# -*- fill-column: 80; org-confirm-babel-evaluate: nil -*-

#+TITLE:     Assignment 11, Data-Structures
#+AUTHOR:    Oleg Sivokon
#+EMAIL:     olegsivokon@gmail.com
#+DATE:      <2016-03-06 Sun>
#+DESCRIPTION: First assignment in the course Data-Structures
#+KEYWORDS: Data-Structures, Algorithms, Assignment
#+LANGUAGE: en
#+LaTeX_CLASS: article
#+LATEX_HEADER: \usepackage{commath}
#+LATEX_HEADER: \usepackage{pgf}
#+LATEX_HEADER: \usepackage{tikz}
#+LATEX_HEADER: \usetikzlibrary{shapes,backgrounds}
#+LATEX_HEADER: \usepackage{marginnote}
#+LATEX_HEADER: \usepackage{listings}
#+LATEX_HEADER: \usepackage{enumerate}
#+LATEX_HEADER: \usepackage{algpseudocode}
#+LATEX_HEADER: \usepackage{algorithm}
#+LATEX_HEADER: \usepackage{mathtools}
#+LATEX_HEADER: \setlength{\parskip}{16pt plus 2pt minus 2pt}
#+LATEX_HEADER: \renewcommand{\arraystretch}{1.6}

#+BEGIN_SRC emacs-lisp :exports none
  (setq org-latex-pdf-process
        '("latexmk -pdflatex='pdflatex -shell-escape -interaction nonstopmode' -pdf -f %f")
        org-latex-listings t
        org-src-fontify-natively t
        org-babel-latex-htlatex "htlatex")

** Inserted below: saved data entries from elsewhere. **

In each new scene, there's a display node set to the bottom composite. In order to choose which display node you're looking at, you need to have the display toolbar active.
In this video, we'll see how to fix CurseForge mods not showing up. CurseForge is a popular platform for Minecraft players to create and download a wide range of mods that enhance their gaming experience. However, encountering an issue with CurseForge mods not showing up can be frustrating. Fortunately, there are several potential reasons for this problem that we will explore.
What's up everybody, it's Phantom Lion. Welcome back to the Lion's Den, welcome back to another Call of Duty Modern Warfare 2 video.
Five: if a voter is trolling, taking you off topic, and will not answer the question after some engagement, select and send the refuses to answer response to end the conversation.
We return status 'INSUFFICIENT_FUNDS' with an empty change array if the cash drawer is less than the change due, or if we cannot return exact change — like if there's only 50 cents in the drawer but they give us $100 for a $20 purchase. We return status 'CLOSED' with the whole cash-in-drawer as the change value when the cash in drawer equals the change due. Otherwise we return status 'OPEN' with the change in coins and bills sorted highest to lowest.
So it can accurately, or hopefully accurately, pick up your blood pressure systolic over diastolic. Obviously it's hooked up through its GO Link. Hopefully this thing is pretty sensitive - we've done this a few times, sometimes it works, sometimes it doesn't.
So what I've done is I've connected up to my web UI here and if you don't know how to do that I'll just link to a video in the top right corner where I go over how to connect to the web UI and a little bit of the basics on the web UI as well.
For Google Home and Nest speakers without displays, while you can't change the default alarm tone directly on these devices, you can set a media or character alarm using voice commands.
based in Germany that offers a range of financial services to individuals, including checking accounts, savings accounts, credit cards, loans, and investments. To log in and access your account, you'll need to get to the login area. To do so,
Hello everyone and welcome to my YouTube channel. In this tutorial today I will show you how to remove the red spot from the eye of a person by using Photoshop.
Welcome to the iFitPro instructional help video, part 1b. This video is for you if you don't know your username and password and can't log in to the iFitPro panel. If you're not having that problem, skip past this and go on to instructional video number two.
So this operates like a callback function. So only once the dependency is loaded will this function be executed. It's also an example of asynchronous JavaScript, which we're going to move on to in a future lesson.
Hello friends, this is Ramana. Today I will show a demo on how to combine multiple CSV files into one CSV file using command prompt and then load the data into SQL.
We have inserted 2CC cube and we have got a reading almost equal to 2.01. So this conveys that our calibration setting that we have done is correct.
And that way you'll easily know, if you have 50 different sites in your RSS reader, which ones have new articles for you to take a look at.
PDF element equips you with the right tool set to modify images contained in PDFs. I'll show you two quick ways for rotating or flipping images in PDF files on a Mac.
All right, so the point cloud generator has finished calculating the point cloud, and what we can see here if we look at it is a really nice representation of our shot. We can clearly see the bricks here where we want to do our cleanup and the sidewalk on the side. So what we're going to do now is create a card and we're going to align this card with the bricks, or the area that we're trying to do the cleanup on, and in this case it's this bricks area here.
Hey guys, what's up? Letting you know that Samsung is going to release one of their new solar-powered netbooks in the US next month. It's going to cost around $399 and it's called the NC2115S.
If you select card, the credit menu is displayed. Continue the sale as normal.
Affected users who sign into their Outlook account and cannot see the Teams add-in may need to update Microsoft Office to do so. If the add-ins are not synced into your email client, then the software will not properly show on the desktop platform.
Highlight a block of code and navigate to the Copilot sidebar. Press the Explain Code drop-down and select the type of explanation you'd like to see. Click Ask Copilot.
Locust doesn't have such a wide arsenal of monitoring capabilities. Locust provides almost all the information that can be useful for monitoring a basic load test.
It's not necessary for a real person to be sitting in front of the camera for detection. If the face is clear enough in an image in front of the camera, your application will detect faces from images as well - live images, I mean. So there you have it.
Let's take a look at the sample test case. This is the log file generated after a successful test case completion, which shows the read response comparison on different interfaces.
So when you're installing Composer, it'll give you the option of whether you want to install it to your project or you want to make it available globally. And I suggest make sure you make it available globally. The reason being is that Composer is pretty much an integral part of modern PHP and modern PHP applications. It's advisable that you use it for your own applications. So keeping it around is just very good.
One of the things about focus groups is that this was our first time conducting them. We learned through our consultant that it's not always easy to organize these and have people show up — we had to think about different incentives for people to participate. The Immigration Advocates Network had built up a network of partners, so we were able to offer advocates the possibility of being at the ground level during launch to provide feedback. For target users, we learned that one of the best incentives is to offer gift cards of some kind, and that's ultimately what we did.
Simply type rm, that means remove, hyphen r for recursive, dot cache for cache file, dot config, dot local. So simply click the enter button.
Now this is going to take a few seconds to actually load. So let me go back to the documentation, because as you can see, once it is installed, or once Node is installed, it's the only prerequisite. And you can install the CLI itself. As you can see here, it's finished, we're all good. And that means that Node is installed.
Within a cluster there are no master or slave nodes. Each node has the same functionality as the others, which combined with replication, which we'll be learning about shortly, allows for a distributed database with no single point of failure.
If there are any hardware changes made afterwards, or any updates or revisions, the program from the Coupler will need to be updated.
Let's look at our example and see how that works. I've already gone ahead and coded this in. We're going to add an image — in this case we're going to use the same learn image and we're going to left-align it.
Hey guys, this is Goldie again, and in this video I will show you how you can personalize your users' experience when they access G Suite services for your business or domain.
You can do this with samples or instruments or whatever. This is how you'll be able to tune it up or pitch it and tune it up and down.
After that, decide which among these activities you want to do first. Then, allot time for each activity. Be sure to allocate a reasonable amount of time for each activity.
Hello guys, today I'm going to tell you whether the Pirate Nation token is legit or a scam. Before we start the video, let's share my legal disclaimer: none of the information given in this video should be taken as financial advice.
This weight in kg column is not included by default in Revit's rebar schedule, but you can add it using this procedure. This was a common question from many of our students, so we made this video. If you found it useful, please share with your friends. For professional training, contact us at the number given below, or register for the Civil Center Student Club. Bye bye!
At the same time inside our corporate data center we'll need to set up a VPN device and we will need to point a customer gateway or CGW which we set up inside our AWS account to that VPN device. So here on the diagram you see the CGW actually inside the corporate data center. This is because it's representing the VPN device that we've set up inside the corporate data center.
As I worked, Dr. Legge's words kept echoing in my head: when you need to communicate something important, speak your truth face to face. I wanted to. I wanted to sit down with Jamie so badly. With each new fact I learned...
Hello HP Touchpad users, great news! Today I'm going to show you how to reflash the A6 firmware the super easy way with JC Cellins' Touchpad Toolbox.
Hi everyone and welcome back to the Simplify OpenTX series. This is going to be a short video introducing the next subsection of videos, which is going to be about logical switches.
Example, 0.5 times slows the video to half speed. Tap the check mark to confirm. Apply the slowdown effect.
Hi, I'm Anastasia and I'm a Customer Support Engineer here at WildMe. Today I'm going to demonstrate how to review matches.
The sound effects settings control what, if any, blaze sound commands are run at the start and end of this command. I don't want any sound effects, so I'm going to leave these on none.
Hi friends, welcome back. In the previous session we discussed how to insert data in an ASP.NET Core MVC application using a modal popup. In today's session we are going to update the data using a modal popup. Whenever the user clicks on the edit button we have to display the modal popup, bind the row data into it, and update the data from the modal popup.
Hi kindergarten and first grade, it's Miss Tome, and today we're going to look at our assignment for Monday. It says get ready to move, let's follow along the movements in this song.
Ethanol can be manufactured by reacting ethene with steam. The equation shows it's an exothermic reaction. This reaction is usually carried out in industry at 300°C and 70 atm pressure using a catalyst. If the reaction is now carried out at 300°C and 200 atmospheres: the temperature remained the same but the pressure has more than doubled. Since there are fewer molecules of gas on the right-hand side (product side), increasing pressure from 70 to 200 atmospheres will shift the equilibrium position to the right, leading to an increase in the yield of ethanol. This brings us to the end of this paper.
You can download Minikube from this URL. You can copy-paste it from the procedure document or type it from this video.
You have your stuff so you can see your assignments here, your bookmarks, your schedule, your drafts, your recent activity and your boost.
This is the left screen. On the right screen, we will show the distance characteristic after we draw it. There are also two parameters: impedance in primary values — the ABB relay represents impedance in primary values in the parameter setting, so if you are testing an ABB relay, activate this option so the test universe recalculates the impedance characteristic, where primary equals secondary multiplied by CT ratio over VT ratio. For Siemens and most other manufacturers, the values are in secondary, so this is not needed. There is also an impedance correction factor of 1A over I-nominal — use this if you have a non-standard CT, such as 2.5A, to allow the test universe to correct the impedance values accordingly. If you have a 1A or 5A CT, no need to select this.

  (defmacro by-backend (&rest body)
    `(progn
       (cl-case org-export-current-backend ,@body)))

  ;; (defmacro by-backend (&rest body)
  ;;   `(cl-case (when (boundp 'backend)
  ;;               (org-export-backend-name backend))
  ;;      ,@body))
#+END_SRC

#+RESULTS:
: by-backend

#+BEGIN_LATEX
\definecolor{codebg}{rgb}{0.96,0.99,0.8}
\definecolor{codestr}{rgb}{0.46,0.09,0.2}
\lstset{%
  backgroundcolor=\color{codebg},
  basicstyle=\ttfamily\scriptsize,
  breakatwhitespace=false,
  breaklines=false,
  captionpos=b,
  framexleftmargin=10pt,
  xleftmargin=10pt,
  framerule=0pt,
  frame=tb,
  keepspaces=true,
  keywordstyle=\color{blue},
  showspaces=false,
  showstringspaces=false,
  showtabs=false,
  stringstyle=\color{codestr},
  tabsize=2
}
\lstnewenvironment{maxima}{%
  \lstset{%
    backgroundcolor=\color{codebg},
    escapeinside={(*@}{@*)},
    aboveskip=20pt,
    captionpos=b,
    label=,
    caption=,
    showstringspaces=false,
    frame=single,
    framerule=0pt,
    basicstyle=\ttfamily\scriptsize,
    columns=fixed}}{}
}
\makeatletter
\newcommand{\verbatimfont}[1]{\renewcommand{\verbatim@font}{\ttfamily#1}}
\makeatother
\verbatimfont{\small}%
\clearpage
#+END_LATEX

* Problems

** Problem 1
   Count the number of compare and copy operations required to sort the two
   sequences given below using insertion sort:

   1. $\frac{n}{2}, \frac{n}{2}-1, \dots, 2, 1, n, n-1, \dots, \frac{n}{2},
      \frac{n}{2}-1$.
   2. $n, 1, n-1, 2, \dots, \frac{n}{2}+2, \frac{n}{2}-1, \frac{n}{2}+1,
      \frac{n}{2}$.

*** Answer 1
    Assuming we sort in ascending order, observe that the our task is to repeat
    the same operation twice (viz. to reverse two sorted arrays of the size
    exactly half of $n$.)  Reversing individual arrays will require in case of
    one-length array 0 =swap= operations, in case of two-length array, 1 =swap=
    operation, and when we go further, we would need to do the same amount of
    work we did in the case of $n-1$, and then need to do $n-1$ more swaps to
    bring the first element of the original input to the back.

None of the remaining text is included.